[Opening DATASET EXTRACT section]

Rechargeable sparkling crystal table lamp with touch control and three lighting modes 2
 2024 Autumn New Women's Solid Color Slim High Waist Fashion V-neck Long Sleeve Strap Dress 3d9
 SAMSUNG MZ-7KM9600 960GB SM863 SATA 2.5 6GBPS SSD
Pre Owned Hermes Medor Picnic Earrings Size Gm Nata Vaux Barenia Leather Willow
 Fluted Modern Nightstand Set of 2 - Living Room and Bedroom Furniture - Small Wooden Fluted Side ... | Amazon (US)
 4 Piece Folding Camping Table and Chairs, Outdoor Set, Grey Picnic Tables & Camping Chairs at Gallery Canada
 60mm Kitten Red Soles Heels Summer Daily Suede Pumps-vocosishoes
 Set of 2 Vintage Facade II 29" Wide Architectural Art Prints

[Closing DATASET EXTRACT section]

** DESCRIPTION OF THE TASK **
Would you please repeat, exactly as written, the lines from the one containing "60mm Kitten Red" through the end of the listing above, including both, and only those?

** ANSWER FOR THE TASK **
 60mm Kitten Red Soles Heels Summer Daily Suede Pumps-vocosishoes
 Set of 2 Vintage Facade II 29" Wide Architectural Art Prints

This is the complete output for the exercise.